Material provided ▸
╔══

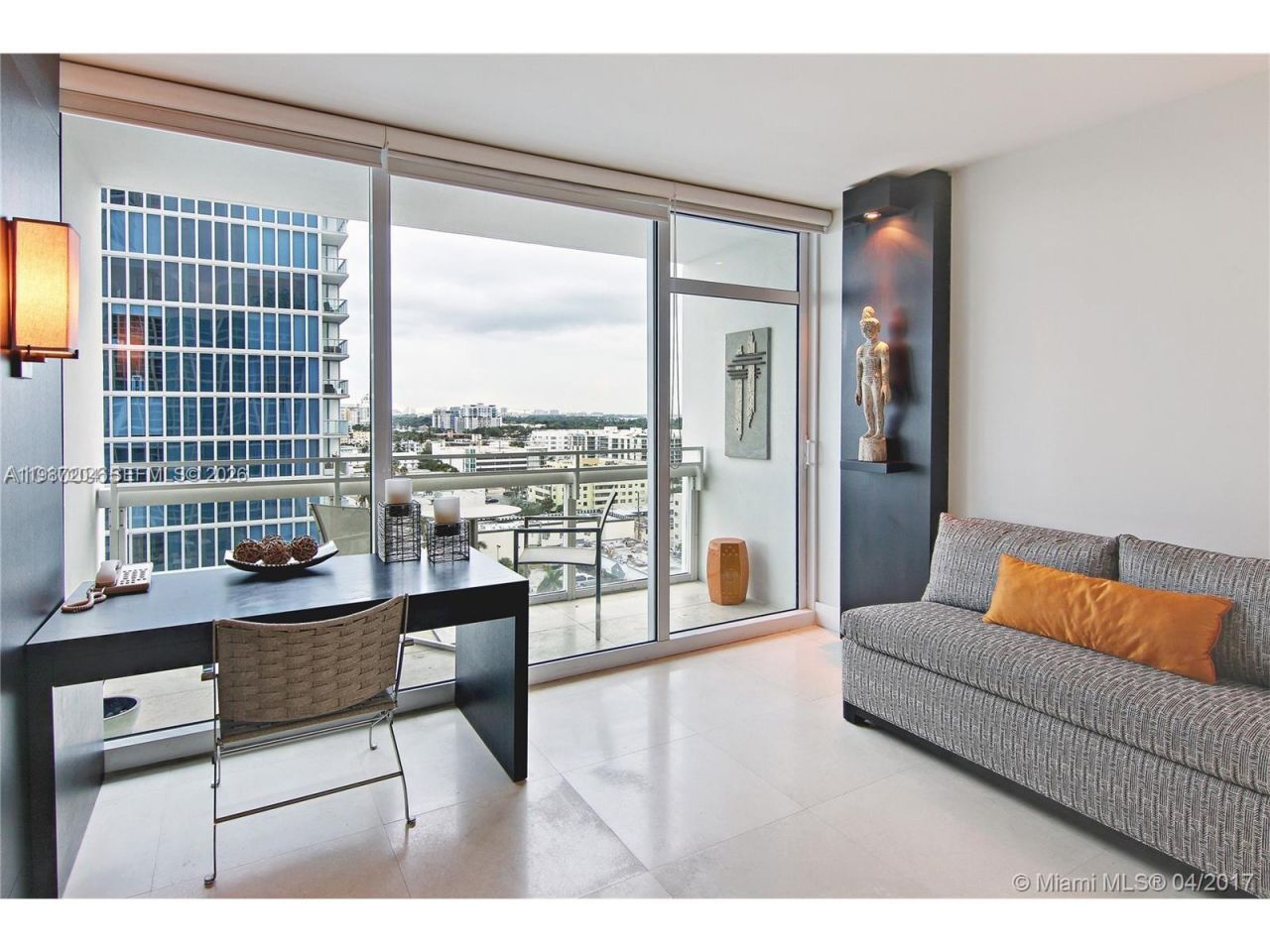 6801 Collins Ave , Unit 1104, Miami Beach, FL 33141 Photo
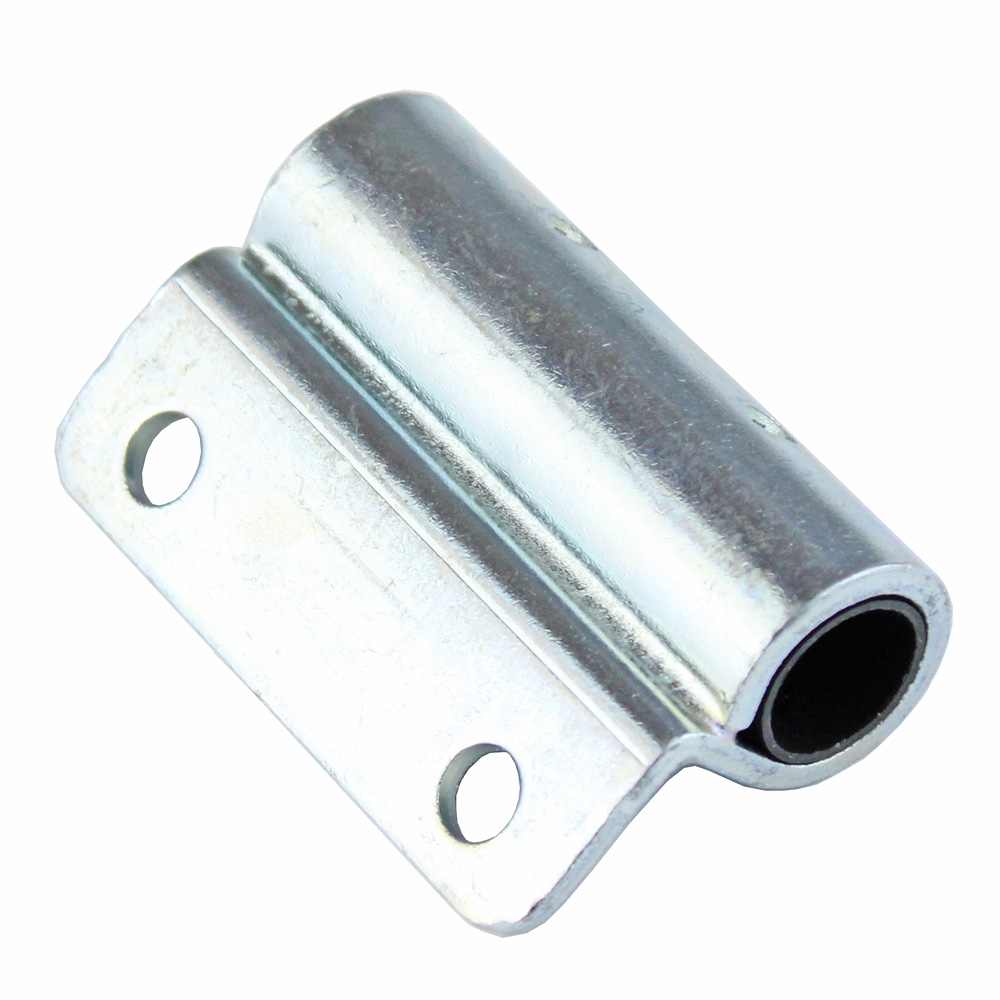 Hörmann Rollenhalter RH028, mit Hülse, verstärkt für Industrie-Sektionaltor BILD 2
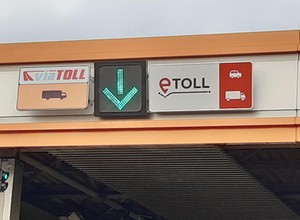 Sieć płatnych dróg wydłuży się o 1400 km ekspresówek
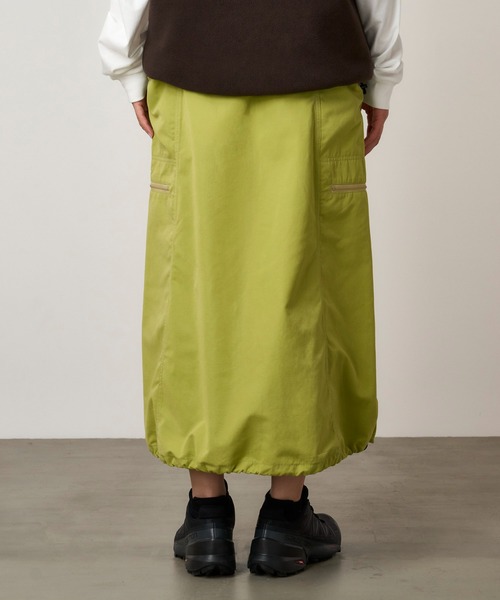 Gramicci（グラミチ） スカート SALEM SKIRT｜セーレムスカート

╚══

Your goal ▸ Exclude every picture and restate the listing word for word.

Completed exercise ▸
 6801 Collins Ave , Unit 1104, Miami Beach, FL 33141 Photo
 Hörmann Rollenhalter RH028, mit Hülse, verstärkt für Industrie-Sektionaltor BILD 2
 Sieć płatnych dróg wydłuży się o 1400 km ekspresówek
 Gramicci（グラミチ） スカート SALEM SKIRT｜セーレムスカート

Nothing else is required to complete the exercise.